# Foruka or Boris?



## Soon2bechiowner (Apr 25, 2005)

For a male chi what name do you perfer?


----------



## sullysmum (Mar 6, 2004)

Yuk!


----------



## blossom (Mar 8, 2005)

I'm not crazy about either name, but I would defintely prefer Boris.


----------



## sullysmum (Mar 6, 2004)

Think its a wind up!


----------



## Seren (Apr 22, 2005)

I dont like either. Especially Foruka ...that reminds me of varuca that you can get on your feet...ewwwww! :lol:


----------



## OzzyAndLilysMom (Mar 9, 2004)

Hey guys I dont think your been very nice, each to their own people, not everyone is gonna like the names we all pick but its not our decision but personally I prefer Boris its cute


----------



## TiffsLilChi (Mar 31, 2005)

ozzysmom said:


> Hey guys I dont think your been very bice, each to their own people, not everyone is gonna like the names we all pick but its not our decision but personally I prefer Boris its cute


Nicely said!  I also choose Boris, because you can make up many nicknames off that.
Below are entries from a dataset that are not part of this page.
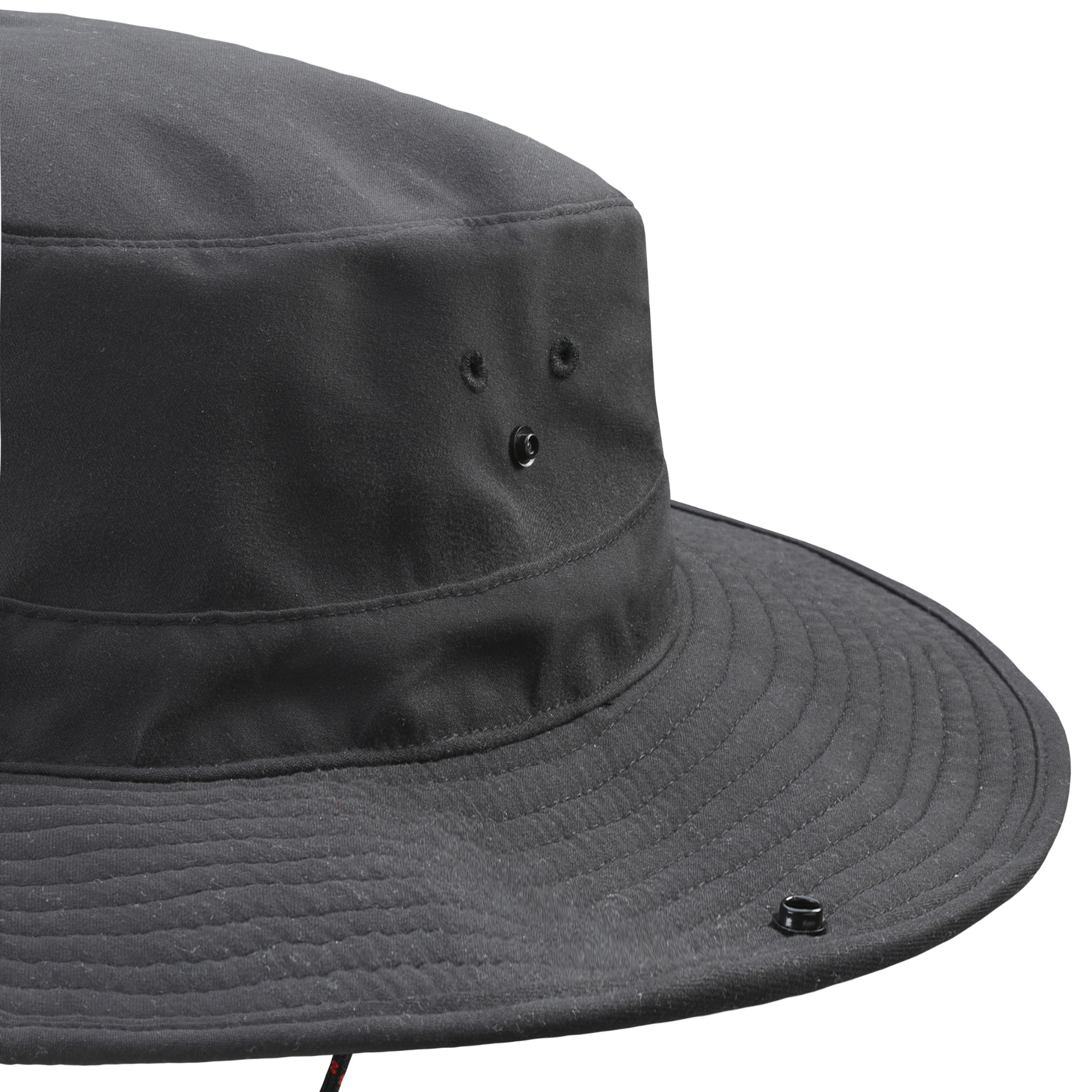 Musto Unisex Fast Dry UPF40 Brimmed Hat (Black)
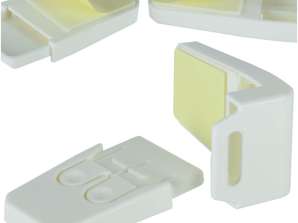 Corner drawer protector version 2 white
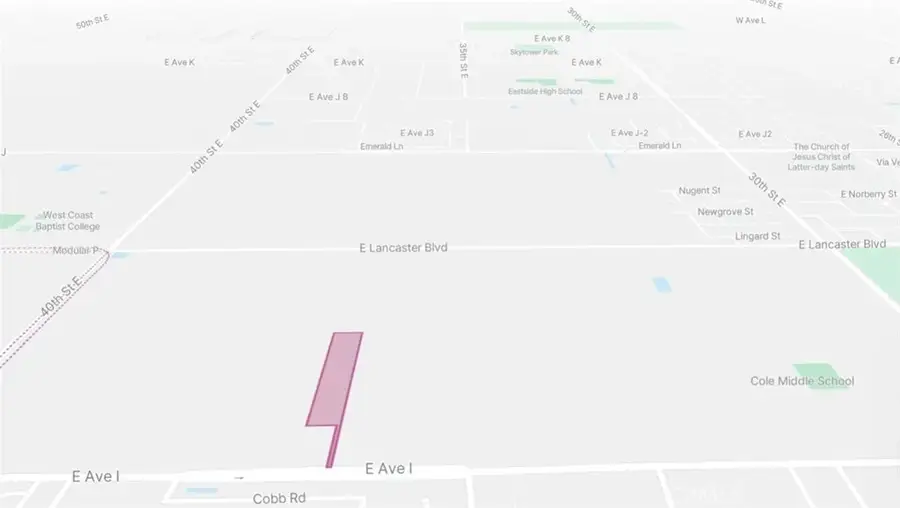 0 Vac/ave I/vic 37th Ste, Lancaster, CA 93535 - Image #3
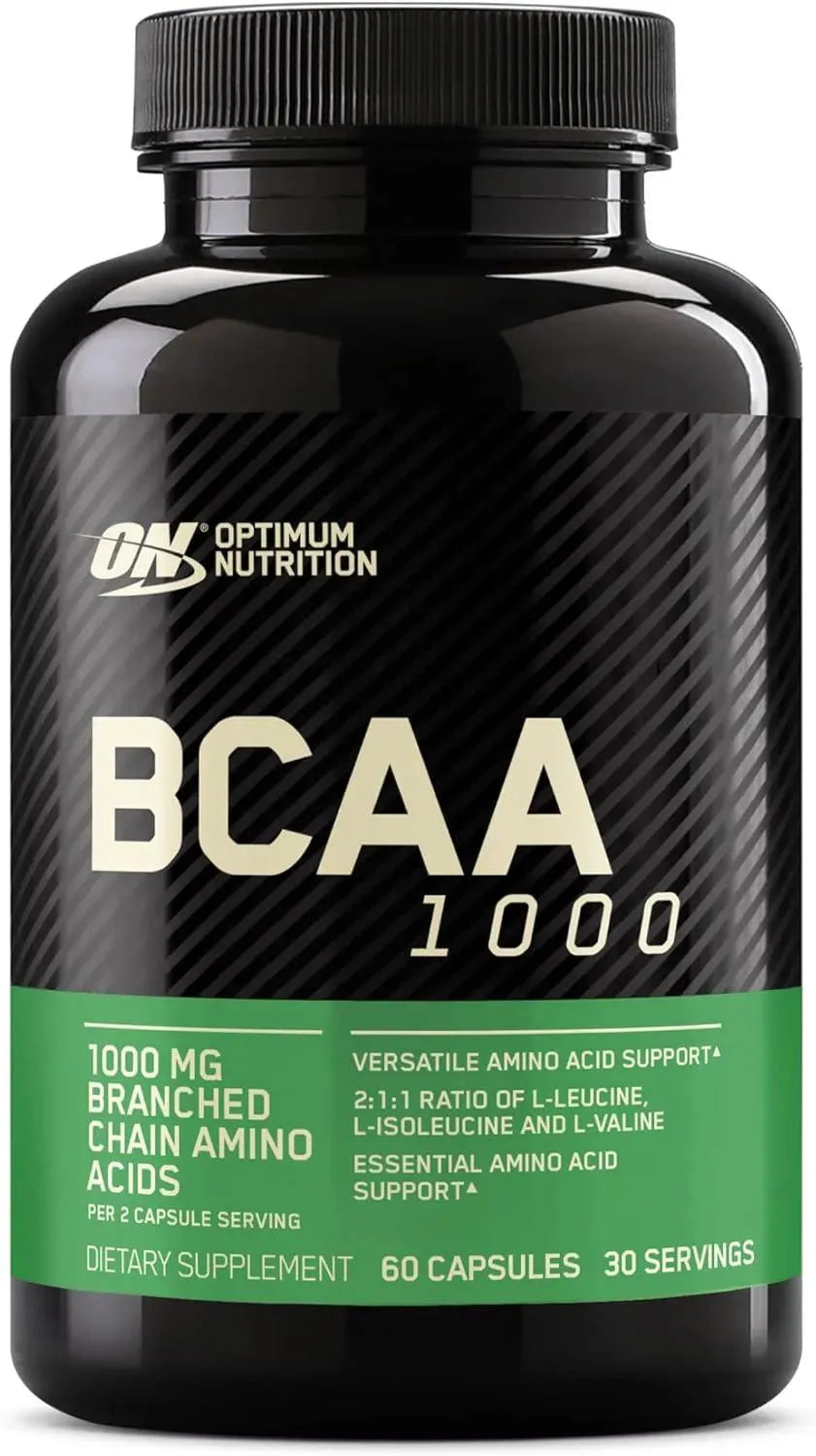 OPTIMUM NUTRITION - Optimum Nutrition Instantized BCAA 1000Mg. 60 Capsulas - The Red Vitamin MX - Suplementos Alimenticios - {{ shop.shopifyCountryName }}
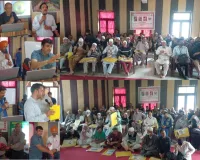 SKUAST-K Holds Apple Leaf Blotch Miner Awareness Programme at Tujjar Sharief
I'm a nickname lover!


----------



## sullysmum (Mar 6, 2004)

ozzysmom said:


> Hey guys I dont think your been very bice, each to their own people, not everyone is gonna like the names we all pick but its not our decision but personally I prefer Boris its cute


 well i was 100% sure it was a wind up feruka >verucca :shock:


----------



## OzzyAndLilysMom (Mar 9, 2004)

Well im sure if it was supposed to be varruca she would of said that, this person is getting a chi and has been asking questions etc over the board Im sure if it was a wind up they wouldnt have bothered with all that first.

Im sorry if you are offended in anyway soon2bechiowner.

Im sure that name is an indian name similar to foruk


----------



## sullysmum (Mar 6, 2004)

ozzysmom said:


> Well im sure if it was supposed to be varruca she would of said that, this person is getting a chi and has been asking questions etc over the board Im sure if it was a wind up they wouldnt have bothered with all that first.
> 
> Im sorry if you are offended in anyway soon2bechiowner.
> 
> Im sure that name is an indian name similar to foruk


 .............. you never know she might have been having a laugh with us!


----------



## Seren (Apr 22, 2005)

She asked what we each thought about the names and i game my honest opinion. My opinion wasnt given in a nasty way. It was simply my opinion on the names she asked about. :shock: :?


----------



## sullysmum (Mar 6, 2004)

Seren said:


> She asked what we each thought about the names and i game my honest opinion. My opinion wasnt given in a nasty way. It was simply my opinion on the names she asked about. :shock: :?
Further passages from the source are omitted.